WHAT YOU NEED TO DO: Each line below from the line with "Under the setting" to the line with "An extended Bankart lesion is" must be copied exactly, including those two, and no picture may appear in the copy.

DATASET RECORDS:
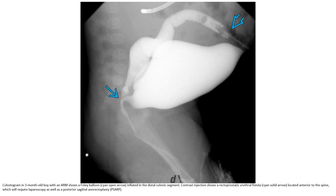Colostogram in a three-month-old boy with anorectal malformation: a colon balloon inflated in the distal colonic segment with contrast injected. A rectal prostatic urethral fistula is located anterior to the spine, which will require laparoscopy as well as a posterior sagittal anorectal plasty.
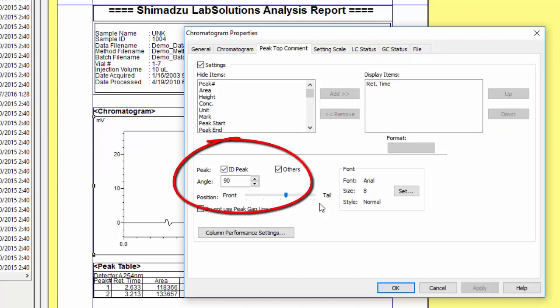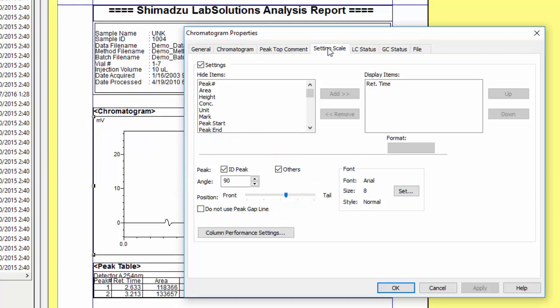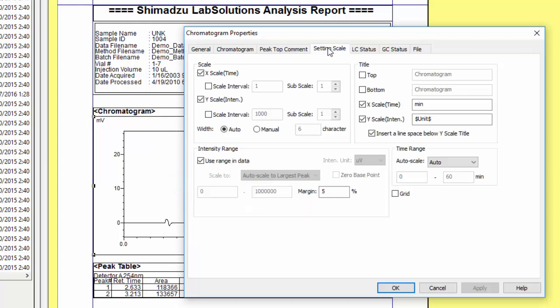Under the setting scale tab you have additional customization options for setting the time scale and intensity scale. You can, as in the chromatogram tab, select the intensity range automatically or manually. You can also scale the overall time automatically or select a specific window of time manually.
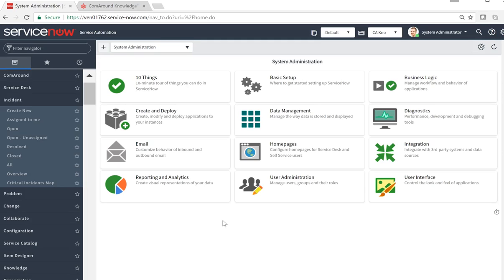A great ITSM tool deserves the best knowledge management solution. The ComRound Knowledge App will truly help you succeed with your knowledge management and is KCS verified.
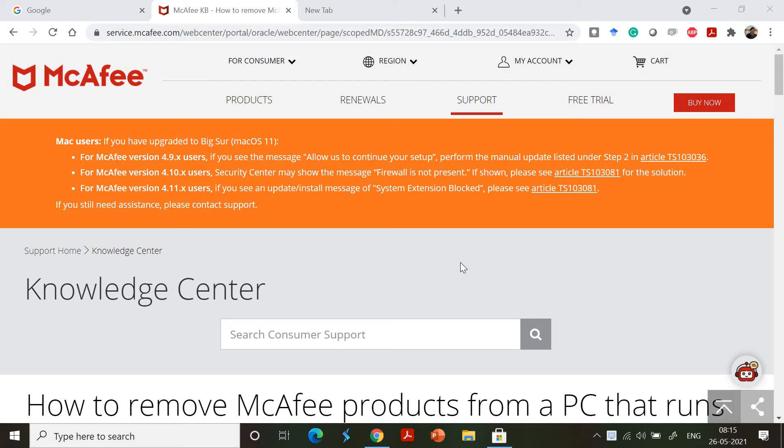Hey friends, welcome back. This is a technical tip I'm going to give you. I wanted to remove the McAfee Internet Security that I have installed on my PC.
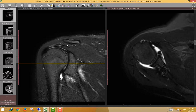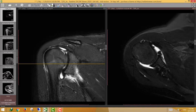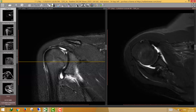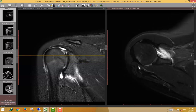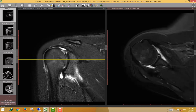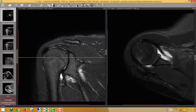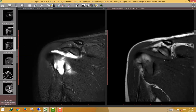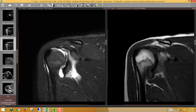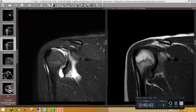An extended Bankart lesion is not the usual scenario but can occur — the tear in the anterior inferior labrum extends to involve the superior labrum and in certain cases even the posterior labrum or the whole labrum. So this patient has an extended Bankart lesion, Hill-Sachs injury, and the effusion is relatively high signal on T1, indicating hemorrhagic joint effusion. Thank you very much — hope we will meet soon, inshallah.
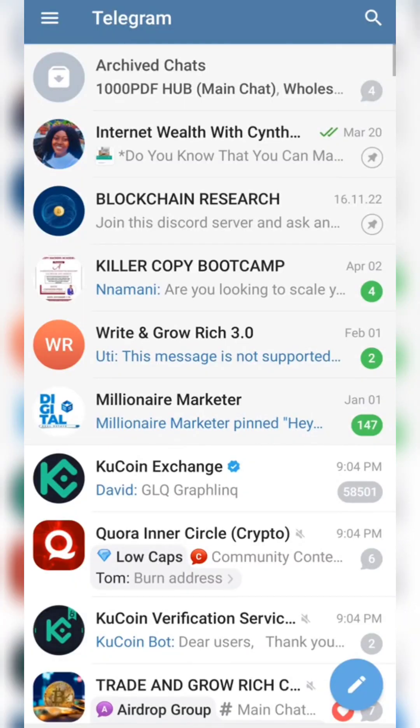I'm going to be showing you how you can buy Solana meme coins on Bonkbot using your Telegram app in less than two minutes. The first thing you need to do is make sure you have a Telegram app.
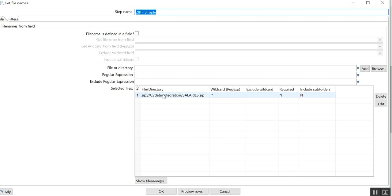After that you need to give the path till the zip file, and wildcard is star dot star, which means the zip file can have any format of files - it can have text files, it can have CSV files, it can have XML files. So we want to see all the file names which are inside the zip file, correct?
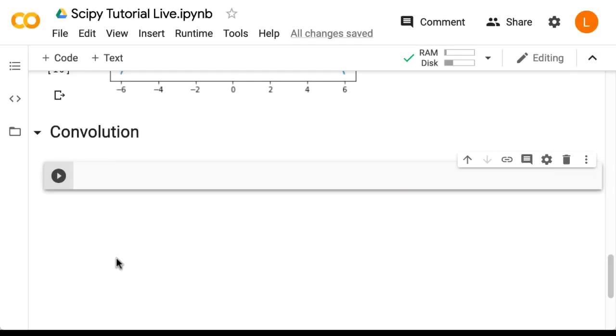In this lecture, we are going to do convolution. Convolution is a very common operation in many fields, such as deep learning, signal processing, digital image processing, and statistics.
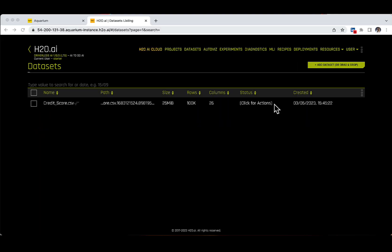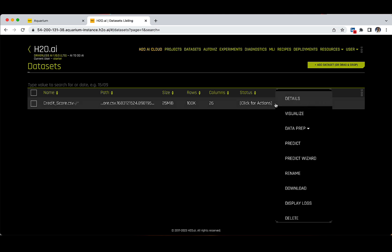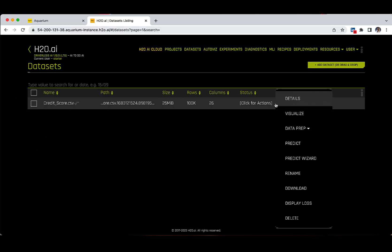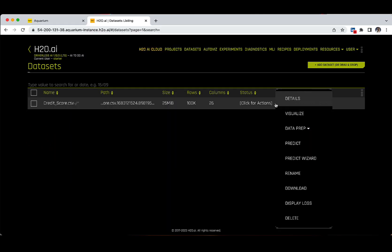Now, let's focus on the status column from the data set tab and click on the button for actions on the credit_score.csv row. There is a drop-down window that appears with the following options: Details, where you can preview the data set, get the descriptive summary, and modify the data directly in the platform by adding a recipe. The Visualize button is where you get automatic visualizations for the data set. There is also a Data Prep option where you can transform or split your data set — in previous versions, there was only a split button instead.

SOLUTION TO THE PROBLEM:
Under the setting scale tab you have additional customization options for setting the time scale and intensity scale. You can, as in the chromatogram tab, select the intensity range automatically or manually. You can also scale the overall time automatically or select a specific window of time manually.
A great ITSM tool deserves the best knowledge management solution. The ComRound Knowledge App will truly help you succeed with your knowledge management and is KCS verified.
Hey friends, welcome back. This is a technical tip I'm going to give you. I wanted to remove the McAfee Internet Security that I have installed on my PC.
An extended Bankart lesion is not the usual scenario but can occur — the tear in the anterior inferior labrum extends to involve the superior labrum and in certain cases even the posterior labrum or the whole labrum. So this patient has an extended Bankart lesion, Hill-Sachs injury, and the effusion is relatively high signal on T1, indicating hemorrhagic joint effusion. Thank you very much — hope we will meet soon, inshallah.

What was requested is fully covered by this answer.